Kapasitas masjid raksasa ini mencapai delapan ribu orang jemaat, atau sepuluh persen dari total penduduk Kota Nunukan. Sementara total penduduk di Kabupaten Nunukan pun hanya seratus lima puluh ribu. Menarik memang.
“Sesudah Islamic Center, nanti juga akan ada Christian Center,” terang petugas keamanan yang bertubuh kurus kepada saya, “Christian Center akan terletak di sebelah selatan sana. Dua-duanya diharapkan menjadi ikon bagi keharmonisan kehidupan beragama di Nunukan.”

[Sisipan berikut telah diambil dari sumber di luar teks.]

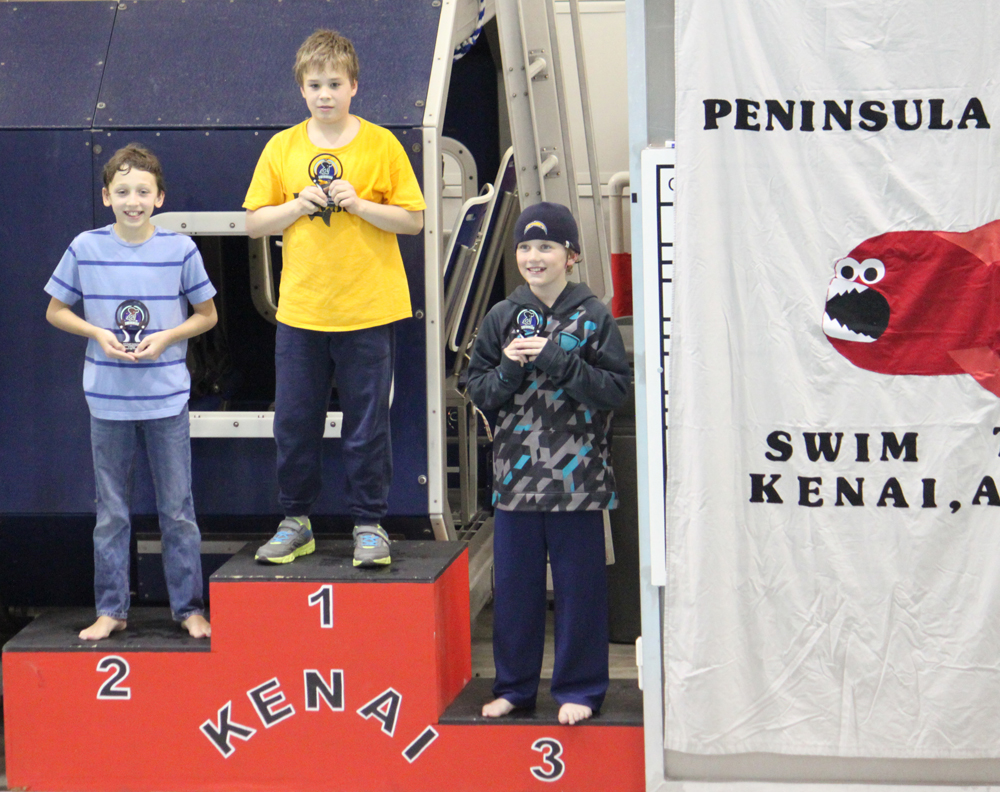KSC King swimmers Luke Nelson, Lukas Story and Nathan Overson stand on the  first, second and third place podiums, respectively, after receiving high point honors in the Southcentral Area Sprint Championship Meet in Kenai last weekend.-Photo provided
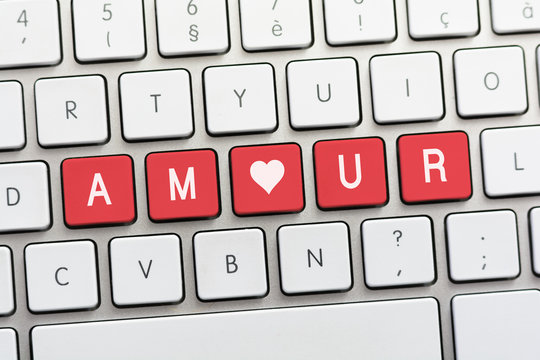 AMOUR writing on white keyboard with a heart sketch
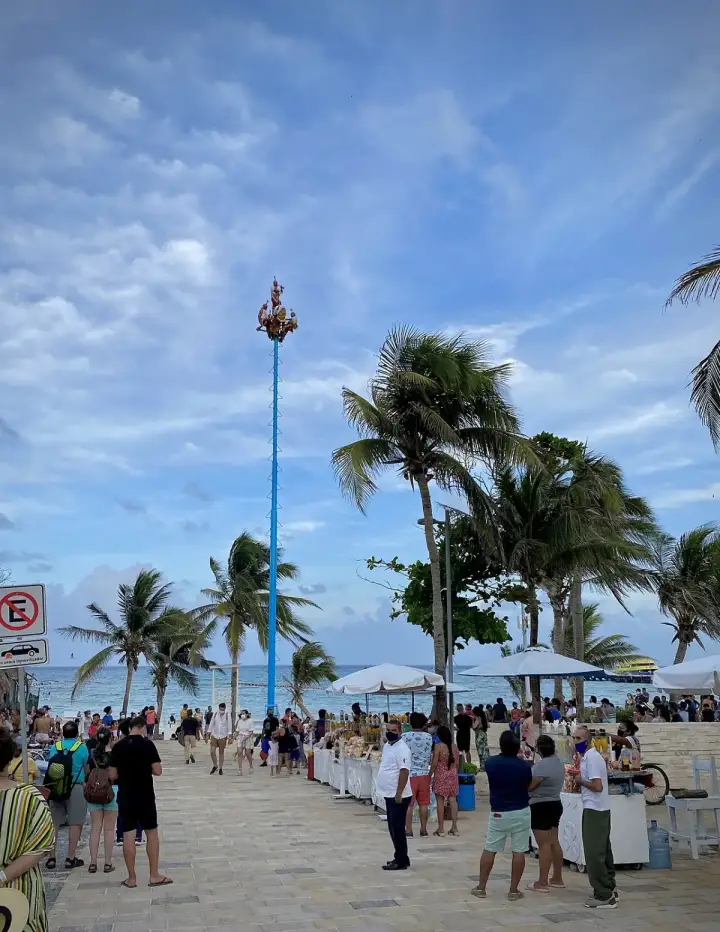 Voladores ceremony pole with performers at the top against a blue sky and palm trees in Playa del Carmen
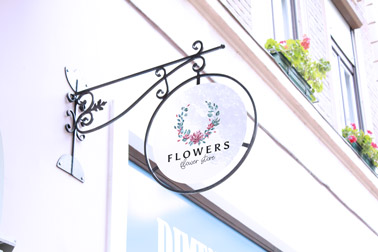 Round Wrought Iron Store Sign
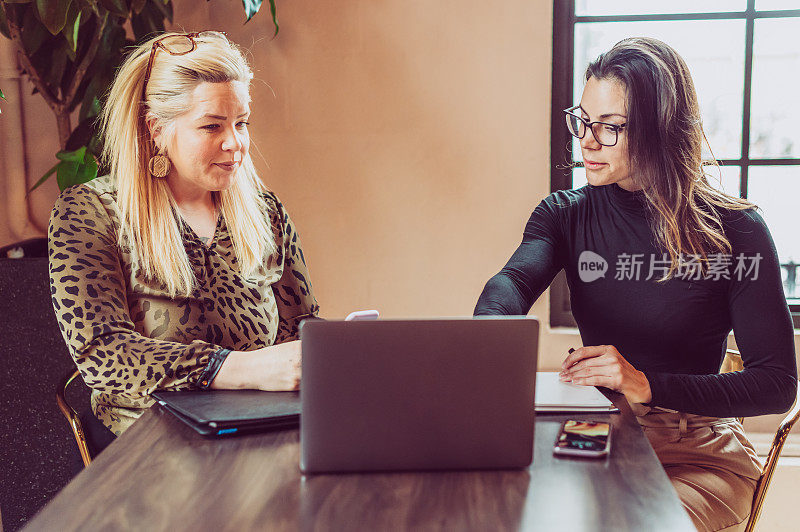 工作中的女性，会议桌旁拿着笔记本电脑的两位女企业家，商业伙伴或客户和代理人
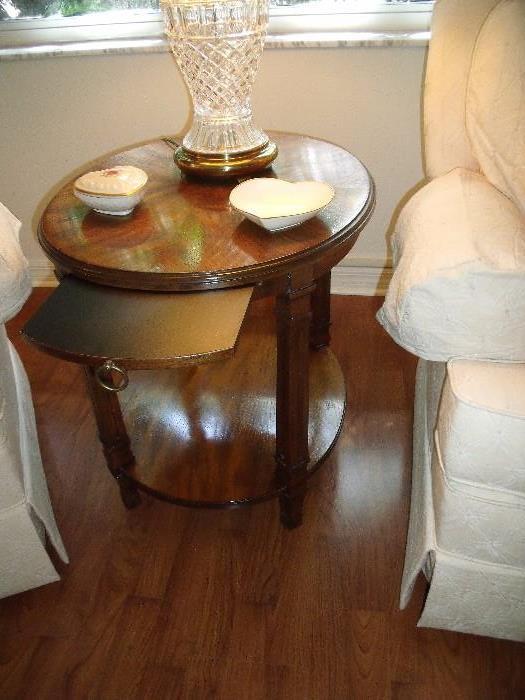 Oval wood tea table.  Tray slides back into the table when not in use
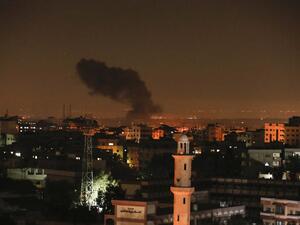 Smoke and flames are seen following an Israeli air strike in Gaza city, on December 26, 2020. MAHMUD HAMS / AFP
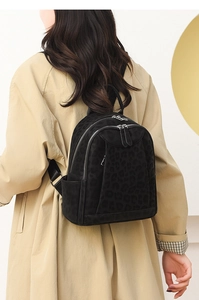 Detail of black leopard print backpack on a model wearing a trench coat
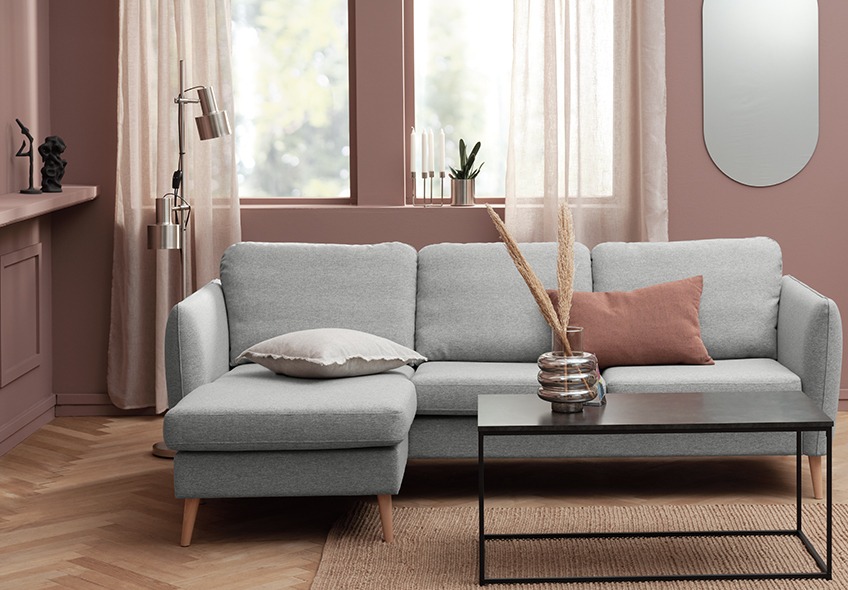 Light grey sofa with chaise longue on the left-hand side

Meskipun sepintas saja terlihat tidak lebih dari sebuah proyek mercu suar namun proyek-proyek seperti ini mampu menjadi totem yang melambangkan percepatan pembangunan di sudut-sudut Indonesia. Dengan adanya Islamic Center ini misalnya, pemerintah Nunukan membangun jalan tembus beraspal yang menghubungkan Sei Jepun dengan pusat kota Nunukan yang nantinya akan menggerakkan perekonomian di pesisir timur pulau.
Saya memanggil bapak tukang ojek yang sedari tadi menunggu di bawah. Kemudian melanjutkan perjalanan menuju ke pusat kota. Gedung-gedung besar nampak sedang dibangun di sepanjang pesisir timur pulau ini. Benar. Nunukan memang sedang berdentum.